LISTSERV at the University of Georgia
Menubar Imagemap
Home Browse Manage Request Manuals Register
Previous (more recent) messageNext (less recent) messagePrevious (more recent) in topicNext (less recent) in topicPrevious (more recent) by same authorNext (less recent) by same authorPrevious page (December 2008, week 1)Back to main SAS-L pageJoin or leave SAS-L (or change settings)ReplyPost a new messageSearchProportional fontNon-proportional font
Date:         Mon, 1 Dec 2008 17:36:29 -0500
Reply-To:     Paul Dorfman <sashole@BELLSOUTH.NET>
Sender:       "SAS(r) Discussion" <SAS-L@LISTSERV.UGA.EDU>
From:         Paul Dorfman <sashole@BELLSOUTH.NET>
Subject:      Re: How to clean character data with space and dotts
Comments: To: jn_mao@YAHOO.COM
Content-Type: text/plain; charset=ISO-8859-1

Jane,

It is fairly easy to delete the "bad" data.

First, however, you have to define "bad". "20 .3" looks like pretty good data to me, except that whoever was keying it in accidentally hit the space bar. Likewise, it is quite apparent what 12...4 was intended to be. Do you really want to throw these data away?

If what you consider good data is SAS standard numeric data, i.e. data that the standard numeric informat considers good to consume, then the sole instruction

if missing (input (weight, ?? 32.)) then delete ;

which return a missing value if a datum does not conform to the standard numeric rules, could accomplish the goal. Note that a datum in the scientific notation like 1E7 (10 million) is also considered standard.

If you regard "123,456.789" as valid input, the standard numeric informat is not what you need, and you will be better off using

if missing (input (weight, ?? comma32.)) then delete ;

instead; or if "123.456,789" is also good (in the case of an European data entry clerk), then this would be apter:

if missing (input (weight, ?? comma32.)) and missing (input (weight, ?? commax32.)) then delete ;

On the other hand, if you would like to preserve 12...4 as valid 12.4, you would need to kill consecutive periods replacing then by a single one. The expression

translate (compbl (translate (compress (weight), "", ".")), ".", "")

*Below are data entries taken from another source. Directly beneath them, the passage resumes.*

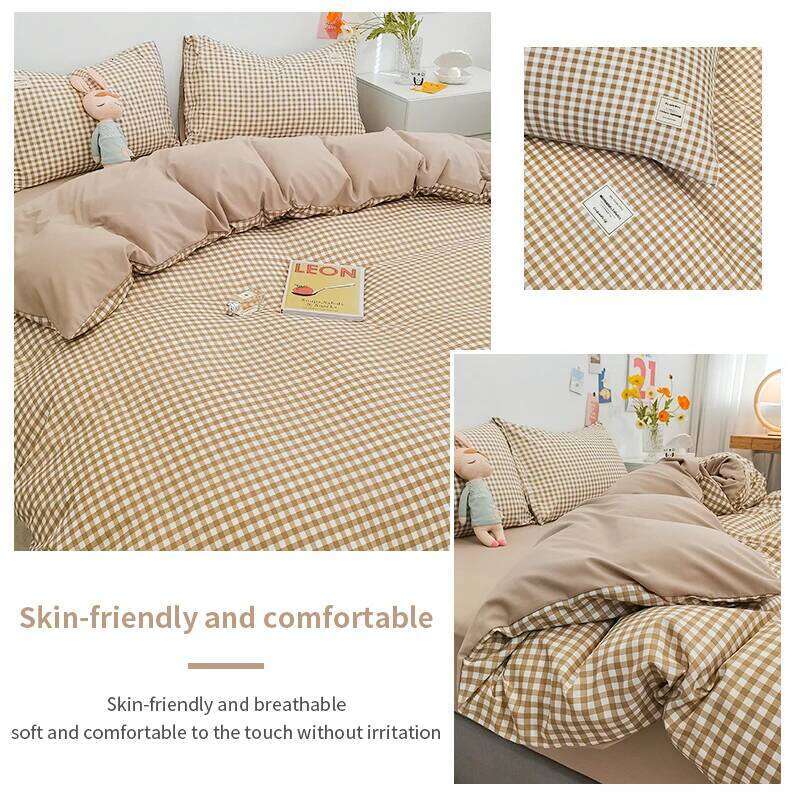100% Cotton Cover Set,Bedding Set With Plaid Stripe,Skin Friendly Breathable,1 Duvet Cover,2 Pillowcase,Japan Simple Style H260311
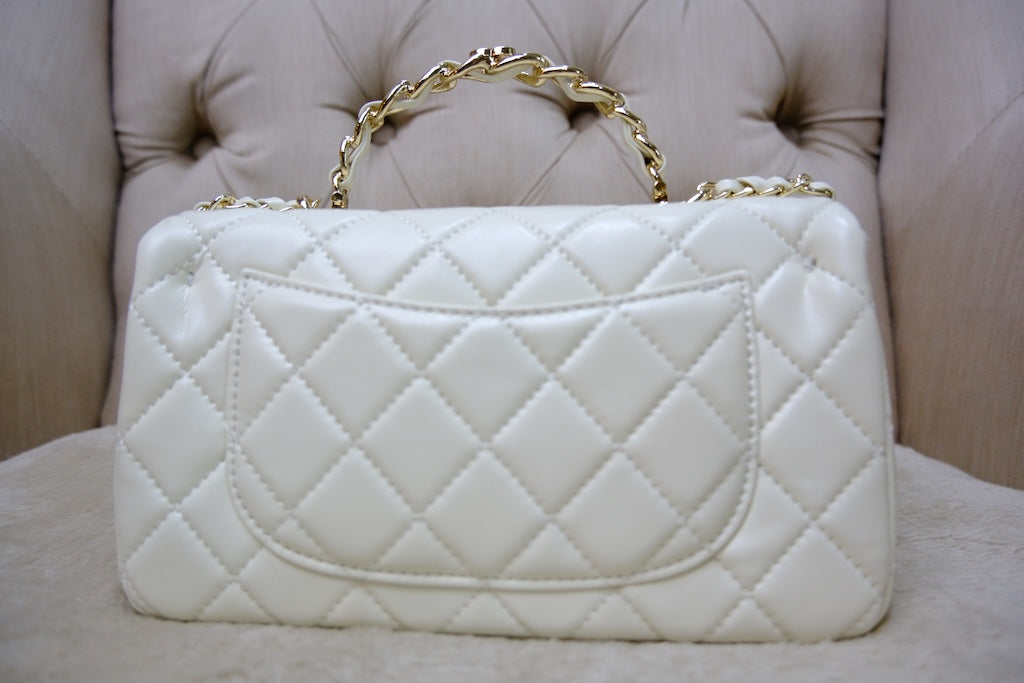Mini Top Handle Rectangular Flap- White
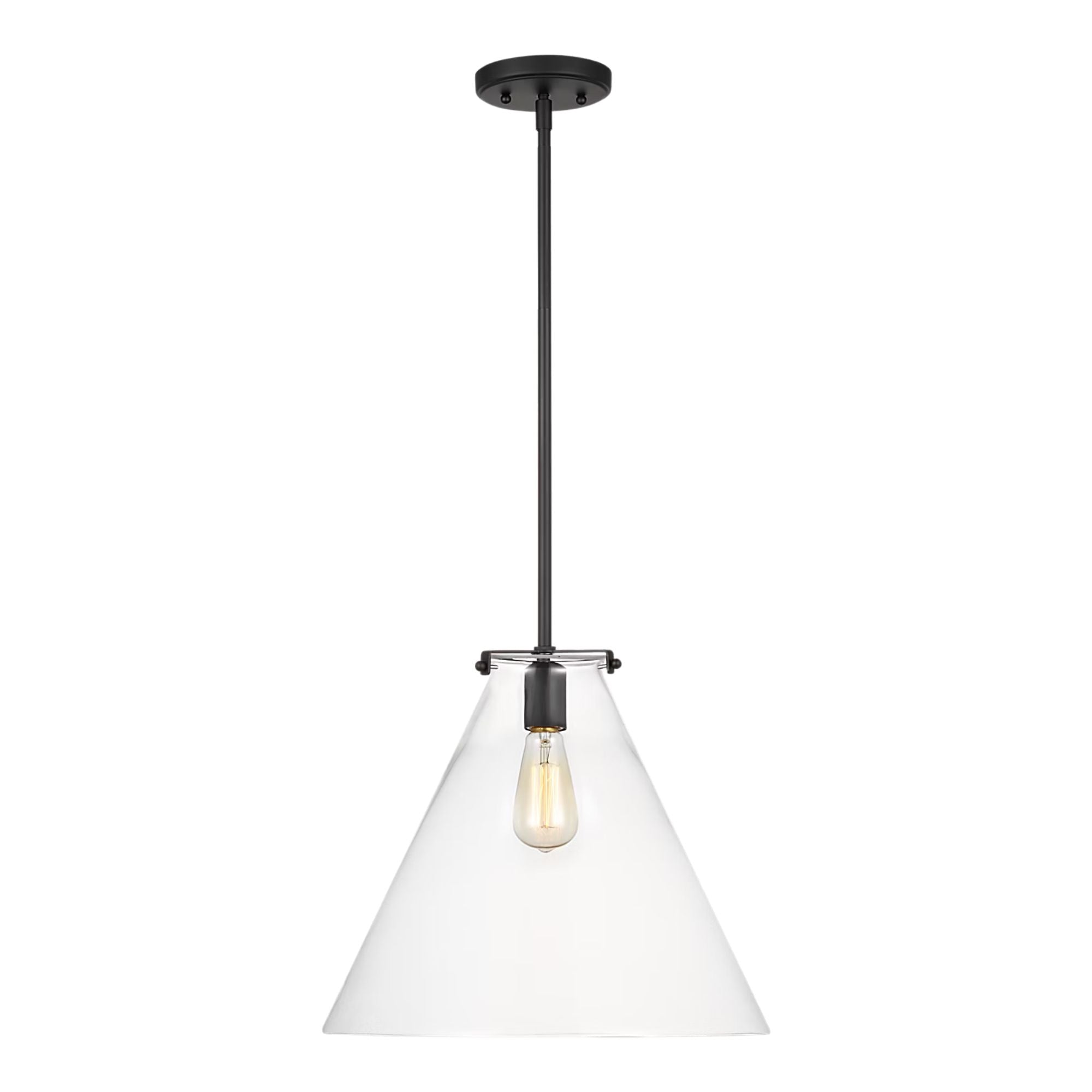 Kate 16" Cone Pendant, Midnight Black Finish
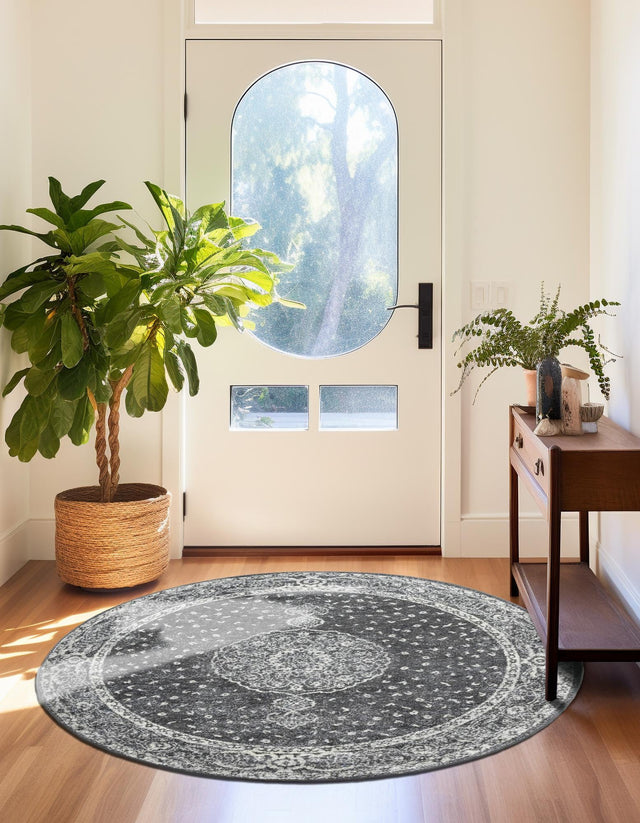 Dark Gray 5' 3 x 5' 3 Bromley Round Area Rug 100% Polypropylene With Cotton Backing Vintage Distressed Colorful Traditional Carpet for Living Dining Rooms Offices for Sale at Rug Engine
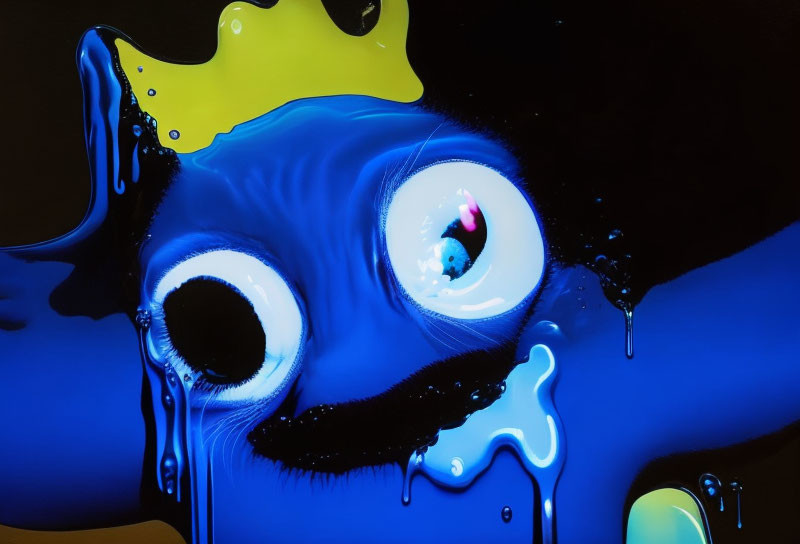 Abstract blue and yellow liquid forms with cartoonish eyes in melting or flowing design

will do that, after which it can be plugged into

if missing (input (weight, ?? 32.)) then delete ;

instead of weight.

Methinks the first step should be a cursory analysis of "dirt" you have in your input data as a fair replacement of eyeballing. It will give you a better guide to decide whether you really ready to go for a data kill or not.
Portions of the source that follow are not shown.